Staking is a process through which a user receives digital currency in exchange for holding tokens for a period of time. As the cryptocurrency Ethereum moves towards a Proof of Stake [PoS] system, the need for clear guidelines arises as users are still confused about the treatment of staked coins. According to a six-year-old notice from the IRS, cryptocurrency was classified as a property and it clarified that the miner tokens are to be taxed as ordinary income when they are received.
However, the government has not clarified its stance on staked crypto and according to Wendy Walker, a Solutions Principal at software company Sovos Compliance LLC, noted there may be tax obligations for staking upon receipt of new crypto or during sale or exchange of these cryptos, but the users are not clear on the specifics.
“If I hold my assets with you in your exchange and you give me additional property in exchange for that, when is that taxable? This is an example of a reporting issue where a taxpayer has to make a decision about how to treat the transaction and [must] report it for tax purposes without having any guidance.”

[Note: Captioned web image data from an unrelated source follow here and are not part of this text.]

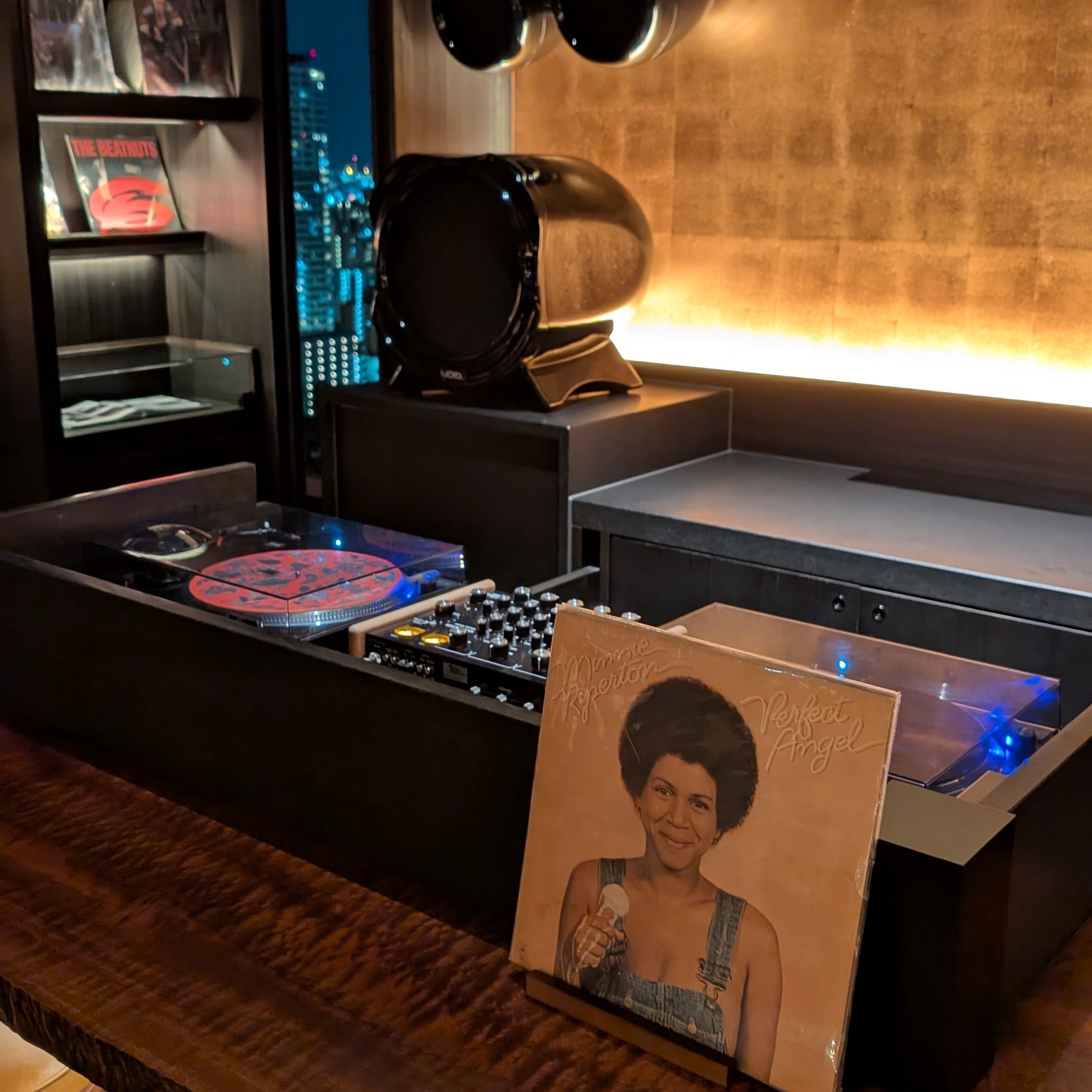 Patina Osaka Sonata Bar & Lounge DJ Station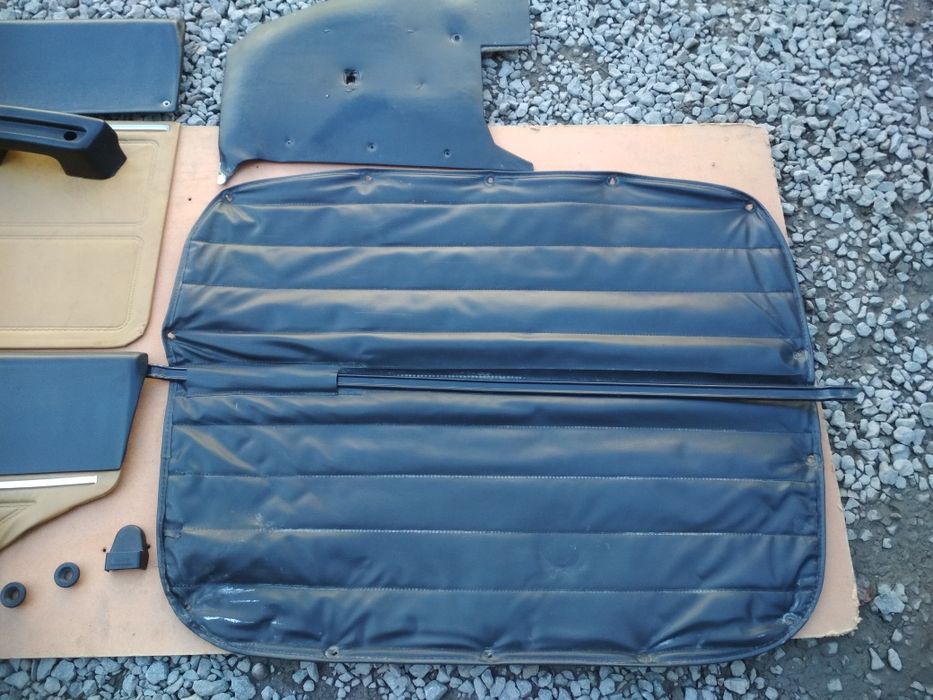 Задня панель Москвич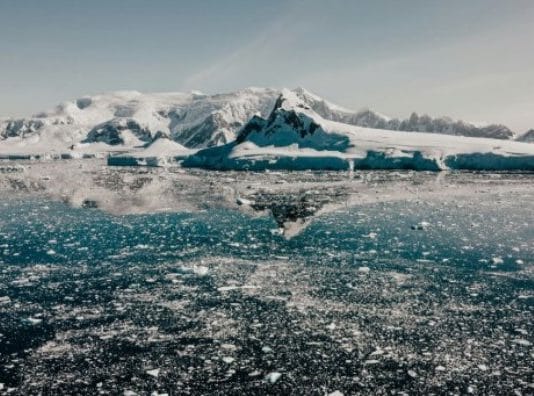 Rusia halló la mayor reserva de petróleo del mundo en la Antártida: representa a 30 Vaca Muerta juntas
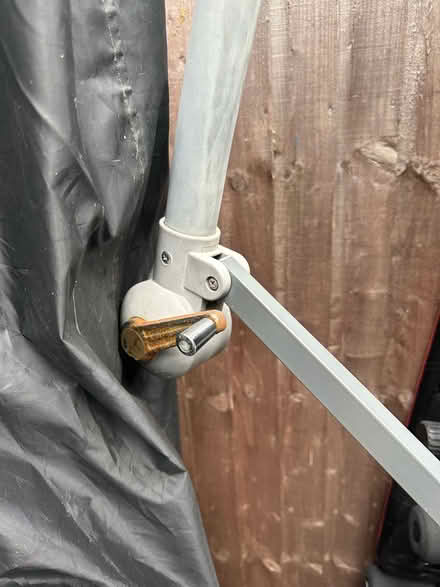 Photo of free Overhanging parasol (Borehamwood, WD6) #3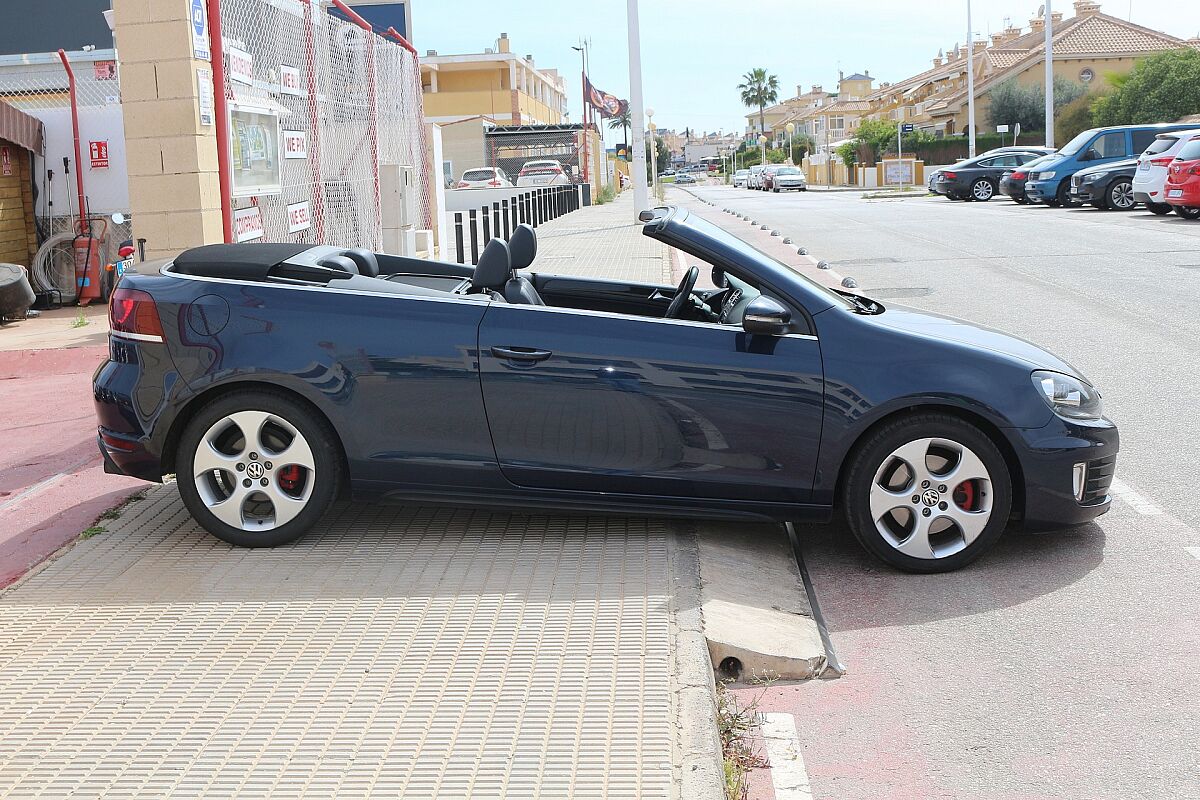 VOLKSWAGEN GOLF GTI CONVERTIBLE 2.0 AUTO SPANISH LHD IN SPAIN 80000 MILES 2014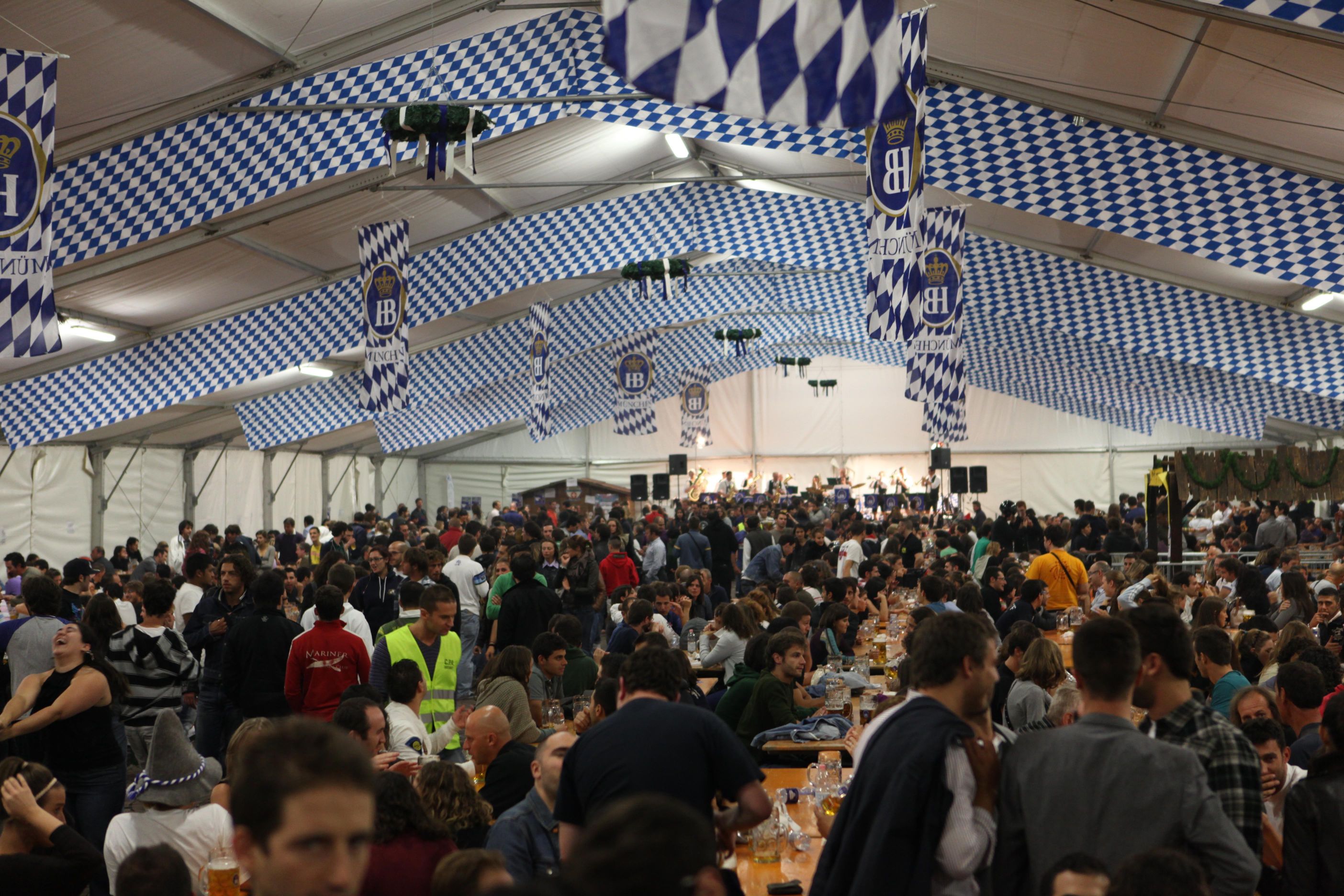 Al via le selezioni per lavorare all'Oktoberfest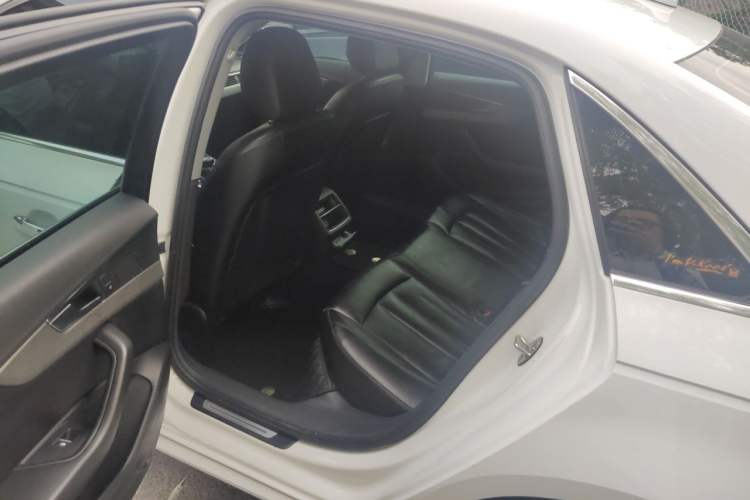 Used Audi A4L 2019 40 TFSI Ambition Version China V Left Rear Seat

As staking is not discussed in the Notice 2014-21 nor in the updated October guidance from the IRS, the taxpayers have been witnessed to take a more aggressive approach. The users have been reporting staking rewards only when the asset has been disposed of, to report capital gains. In 2018, the American Institute of Certified Public Accountants asked the IRS to clarify that cryptocurrency received from staking should be treated as ordinary income, the same way coins from mining are treated. In the letter, the AICPA said to the IRS that any act of participation to secure currency in exchange for expecting a cryptocurrency reward should be treated as ordinary income and any expenses related to staking should be allowed to be deducted as ordinary expenses.
Nonetheless, it has been difficult to identify new wealth when it comes to staking. If a person received a new coin from staking, then that person has new wealth that should be treated as ordinary gross income as per the IRS. A report based on this confusion around staking noted:
“If cryptocurrency received from staking is treated as ordinary income, holders still don’t know whether to report the cryptocurrency as rental income or other income on Form 1099-MISC”
Even though both categories are treated as ordinary income, deductions and exceptions for rental income are not the same as those for “other income.” Thus, under such confusing rules around taxing the crypto incomes, the IRS may have to clarify its guidelines by including the tax on staking cryptos.